Contrary to previous expectations, Romans have been, for the most part, extremely hospital and friendly, even to an obvious Yankee. For example, I went to a nice Italian restaurant the other night. (Although I don't remember the name or exact location, i can narrow it down by saying the word "ristorante" was in the name, they served pasta, pizza and red wine and it was on a cobble-stone road, surrounded by ancient buildings and near a piazza.) Surrounded by couples left and right (many of whom had no hestitations to display their affections publicly), I was the only solo diner at the restaurant, if not Rome generally. The restaurant owner, either intrigued by my presence or sympathic to a solo traveler, was soon heaping extra portions, free food and, increasingly free drink, in my direction. In response to his frequent question "how do you like?", i didn't have the heart to say anything except "this is the best Italian food i have ever had". (Technically it was, as it was the first real meal i had had in Italy, but the cold ravioli, complete with a thick black hair and the vile, hard-alcohol he served up, "grappa", would have otherwise not received any awards or accolades.) After he invited me to try the grappa, i responded with, "When in Rome...!", a response that, especially after several glasses of Italian wine, I concluded was the wittiest comment humanly conceivable (albeit seemingly unappreciated by the restaurant owner). It was a nice meal, though, that prompted me to want to give a heart-felt "thanks" to the guy (also possibly named Guido) and to promise a return to the seat that he insisted would be reserved for me indefinitely. I think it was the grappa talking, though, when i went too far and think i promised my first born son.
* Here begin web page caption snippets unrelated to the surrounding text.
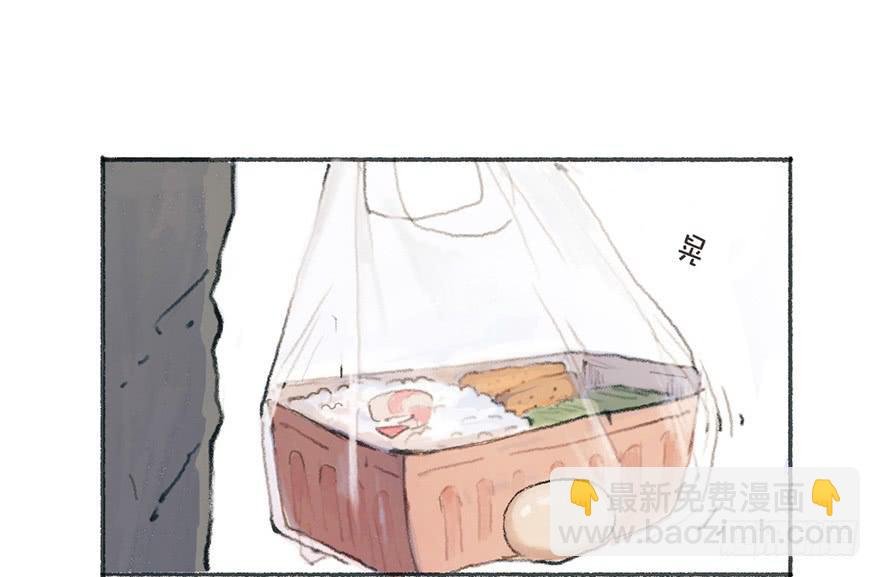 黑粉的职业素养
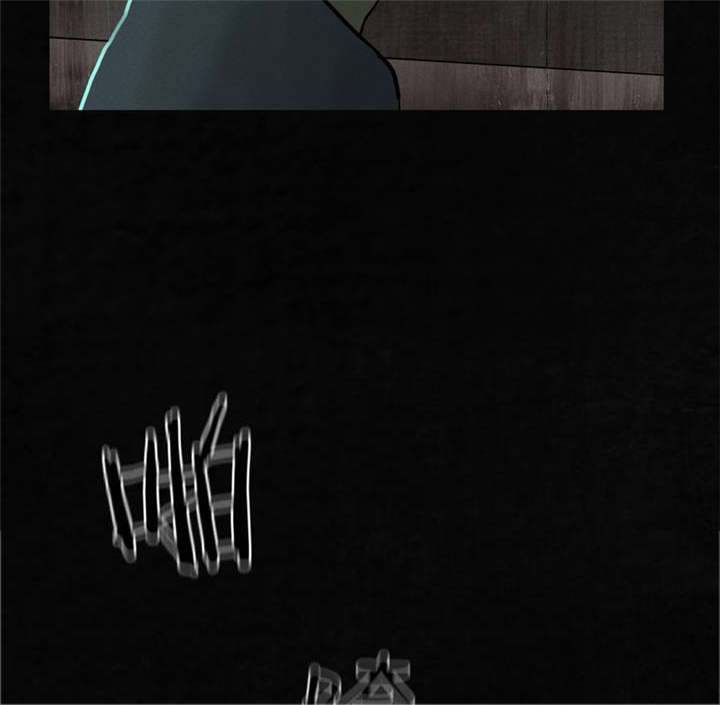 成都1995僵尸漫画,第37章：医院二楼1图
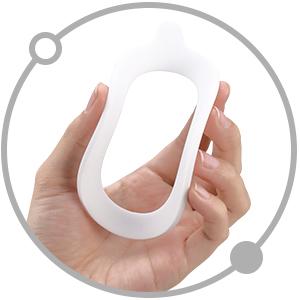 aplus content image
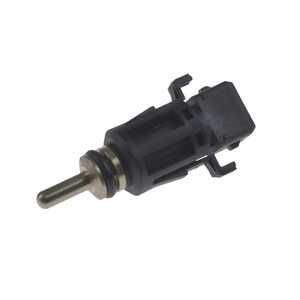 Kylvätsketemperatur-sensor, Bakom kylaren, bmw,land rover, 13 62 1 433 077, MEK105210, NSC000100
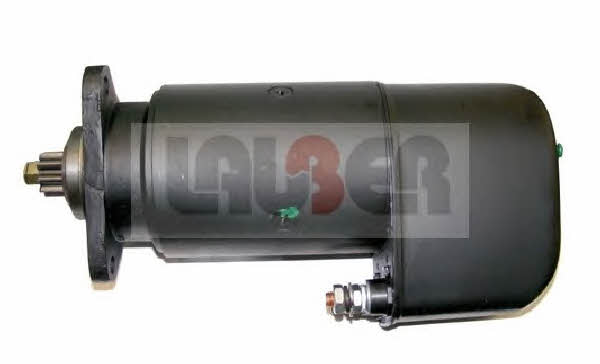 Buy Lauber 28.0191 at a low price in United Arab Emirates!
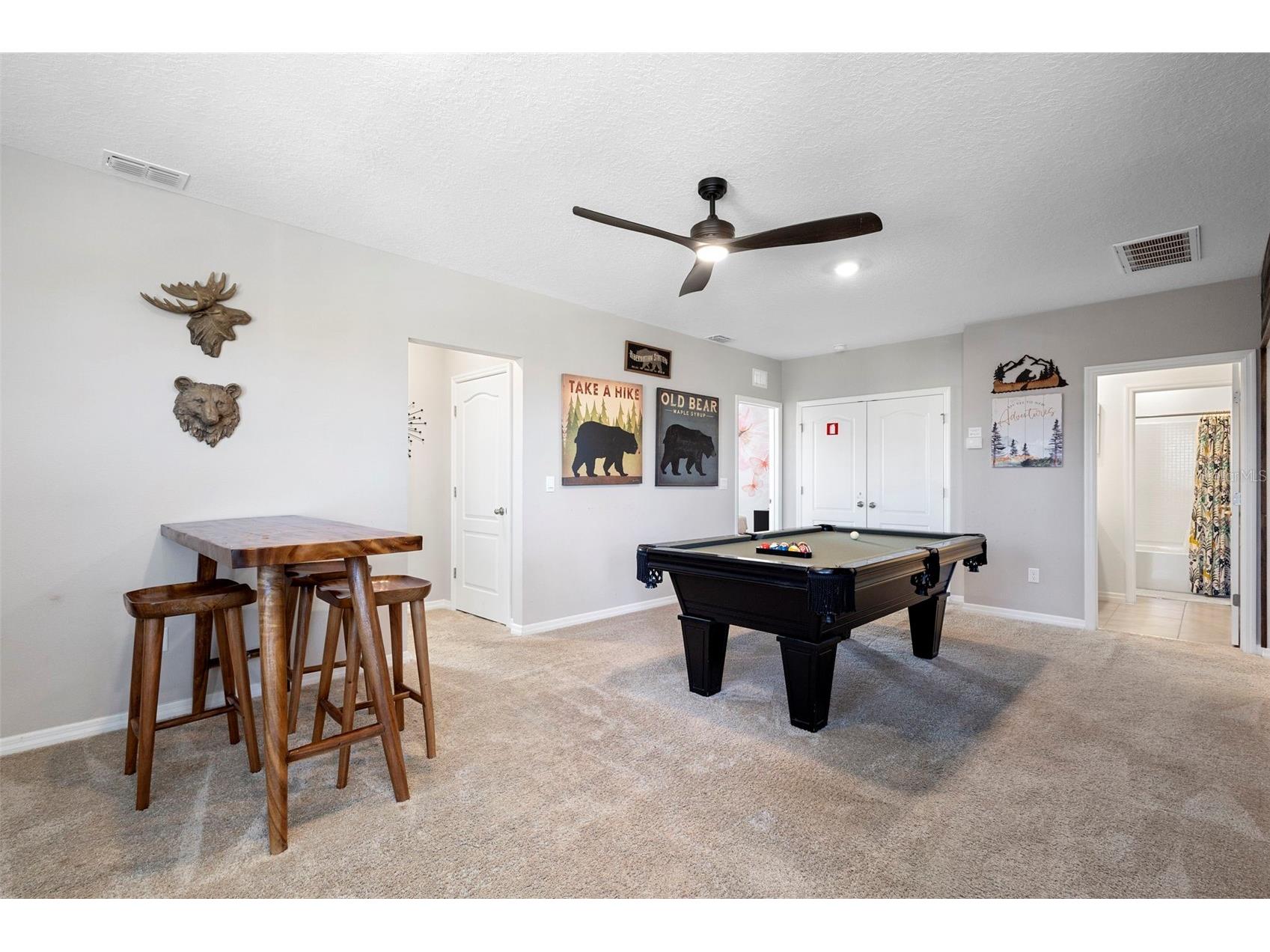 7592 Oakmoss Loop Davenport FL 33837 G5108167 image21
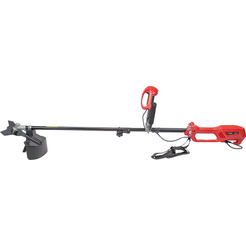 Триммер Edon ET-2000EA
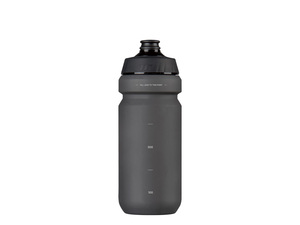 Lahev TOPEAK TTi Bottle 650ml - černá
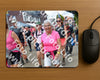 Evenement foto: Nijmeegse Vierdaagse 934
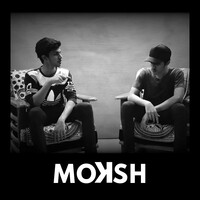 Moksh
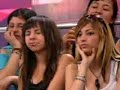 Marcelo Médici - Sanderson - Altas Horas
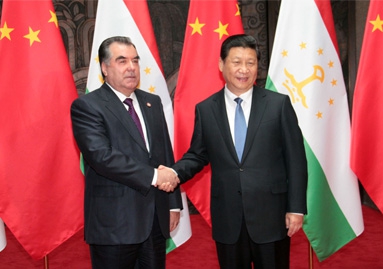 rahmon_i_lider_kitaya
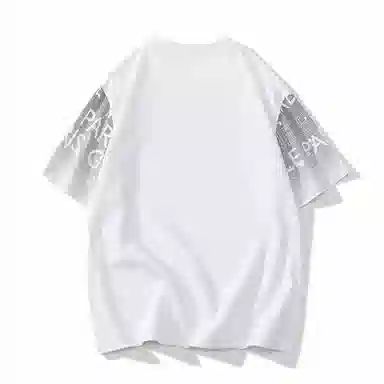 CASAMIA T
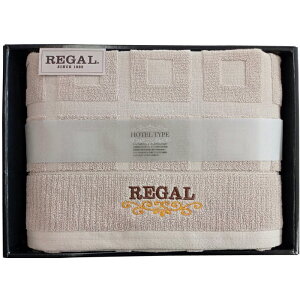 yIׂ锠i1`10jz[K XNGAze^Cv@oX^IO[iRGH-7309jy݉iz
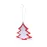 Christmas Decoration Set - Rimol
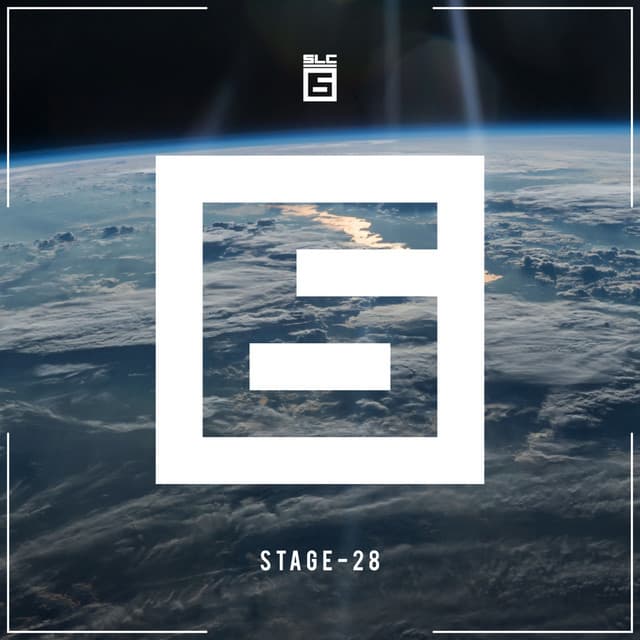 Distant Light cover art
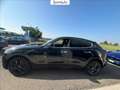 Maserati Levante 2.0 mhev gt ultima 330cv auto Nero - thumbnail 8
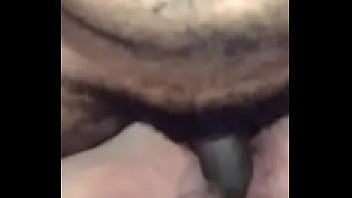 trim.10E367B3-EF7C-412B-ABFC-856C61060134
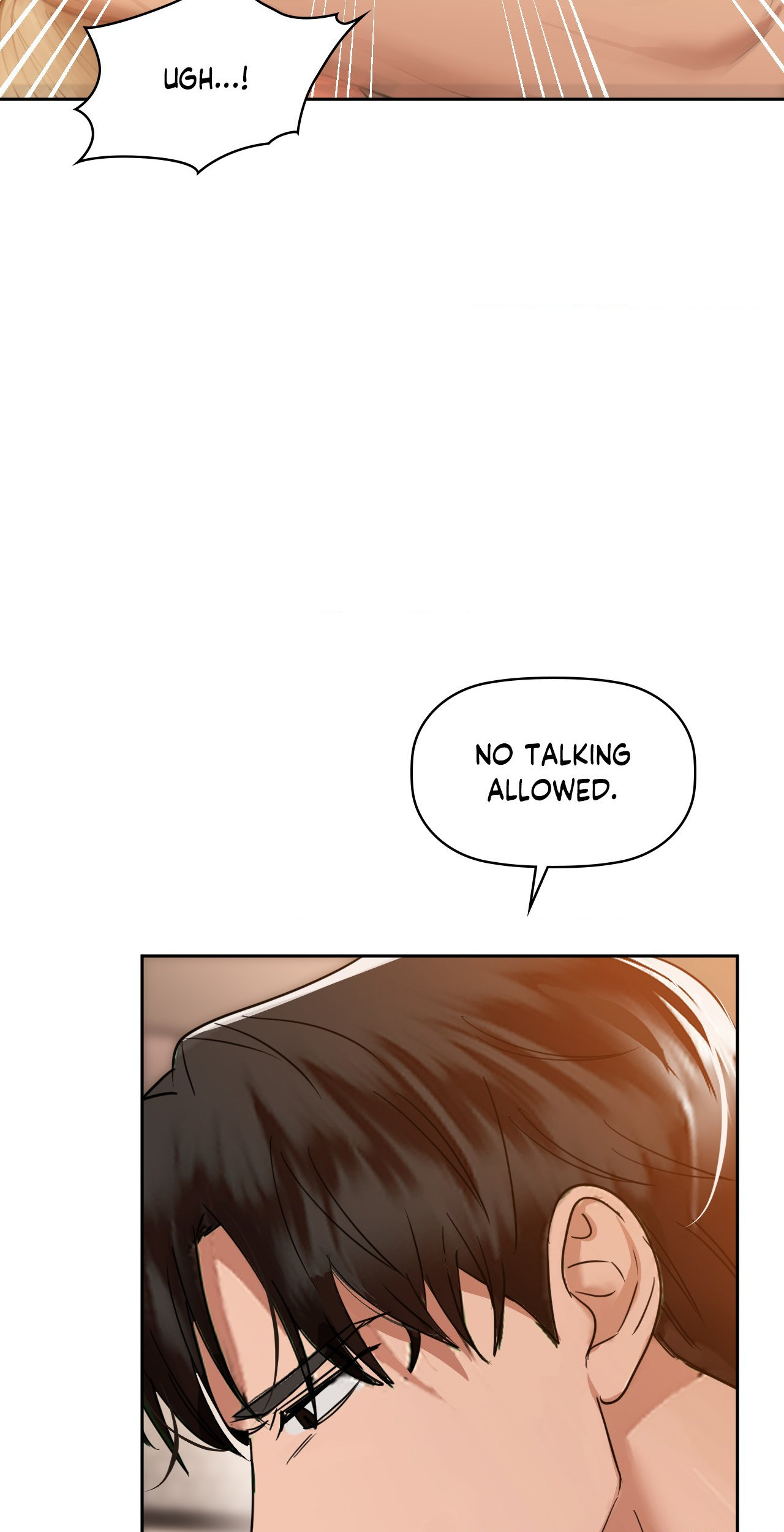 Caffeine (Official) chapter 64 page 22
My experience in Rome has been great, but, alas, has not been without casualties. My faithful Nikon camera, loyally at my side for the past 60 days, died on me yesterday, reducing my traveling entourage to just me and Pocket Wookie. My heart goes out to the camera though, as it endured several continents and the jungles of Congo, not to mention the fact that it has snapped over 5000 pictures of gorillas, sharks, lions and Canadians. Moreover, perhaps another example of divine intervention (the miracle mullet in Argentina being the obvious first example), the camera made it through all of the major sites of Rome before taking its last shot of me at the magnificent St. Peters church in the Vatican. With my head solemnly down, I will soon send it to meets its maker for ultimate judgment (i.e. Nikon North America).

3 comments:

Anonymous said...

Bravo! Jonas, I can't wait for the next chapter.

Heather Stimmler-Hall said...

Hilarious blog, Jonas! I've been reading it way past my bedtime, hoping to absorb a little of the sunny weather you've been enjoying. Still in Italy, or have you made it over to Greece by now? If you're sick of the heat, I invite you to Paris (oh, c'mon, it's just an hour on easyJet, non?), where it's already late fall (ie cold and damp). On the plus side, the chocolate doesn't melt as fast and you don't have to worry about sweaty clothes. ;)
Ciao,
Heather

PS Try the limoncello, far superior to the grappa.